I sat on the bed and blew the dust off the cover of the first book. It was big, heavy, and it had a dark brown cover. It looked freakishly boring but I would look through books like these for the rest of my life if I could be together with Gawis. I started reading the first page and when my thoughts flew off to some other place, I forced myself to concentrate on the words again.
“I need a dictionary.” I complained to Andrew, “I don’t understand half of these words and the other half I can’t read because they are either too vague or smudged.”
“Do it for Gawis.” Andrew answered. That was all he needed to say because I plunged back into the book and started reading vigorously. Page after page of boring laws, half of them didn’t make sense to me. I was again surprised at the stupidity of some of them but then again, I had not read the Penn law books either. Who knew what was in those books, maybe even more rubbish than in these.

I needed some time alone so decided to go for a walk. It was already quite dark but I didn’t care about my safety at the moment. It was cold and misty on the road and I regretted not having brought a shawl. I wrapped my arms tighter around myself and thought that if I walked a bit faster, it would keep me warm. Since I had met Gawis, this was the longest that I had not contacted him and I missed him terribly. At the same time I was worried about my speech. It wasn’t going well and I knew it wasn’t persuasive enough. Without realizing it I had been climbing up a hill and when I looked up I saw a tiny building. It looked like a church but I wasn’t sure. Curiosity won over fear as I climbed the rest of the hill upwards. It was a church. It was small and looked cozy. Some of the big windows were stained glass while the others were just normal. I walked up to it slowly and when I came close I saw that the door was open. I walked in slowly and saw that it was empty. I sat down on one of the pews and couldn’t help but cry. I hadn’t cried since I had left him but now my emotions were taking over. Together with my sobs I prayed. I prayed for all the things that could go wrong in the rest of my life but most of all I asked God if I could please marry Gawis. At the same time, I suddenly got an idea. I ran out of the church, down the hill and in the hotel. I rushed up the stairs, not bothered to wait for the man-powered elevator. I took the steps two at a time and burst into the room.
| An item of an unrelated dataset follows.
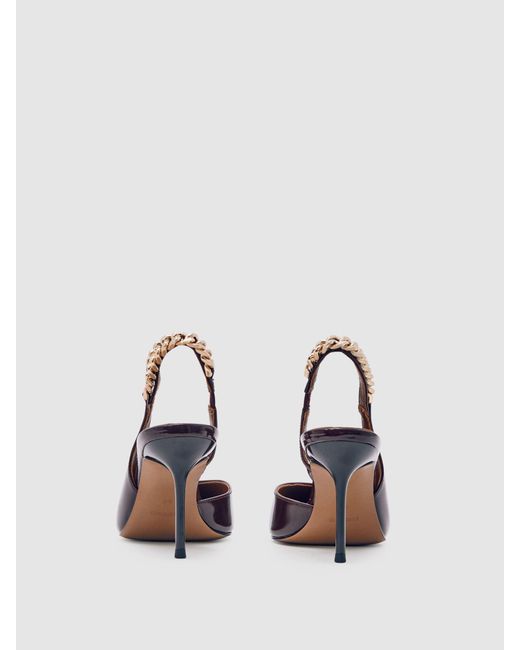Reiss Red Patent-Leather Chain-Slingback Heels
Andrew looked up surprised.
“Andrew, I have a perfect idea!”

I stood in a little room, waiting for the parliament to be seated. I nervously straightened out my clothes while doubting if writing a poem had been a good decision. What if they did not like modern things? What if some of the things I had said were too open? What if- I couldn’t finish that thought because Lila came bursting into the room.
“They’re ready.” He said excitedly. I smiled nervously, checked if my speech cards were in order and walked out of the room.
When the meeting room door was opened for me, the room quieted down immediately. There were around 100 people in the room and they were seated neatly at rows of tables. The room looked exactly the way a parliament had to, big and boring. All the men were dressed in formal suits something similar to what I was wearing. I looked around for Gawis but before I could find him, I reminded myself that I better not. It would break my concentration. I walked up to the microphone and took a deep breath to steady my heart and my shaking hands before I began.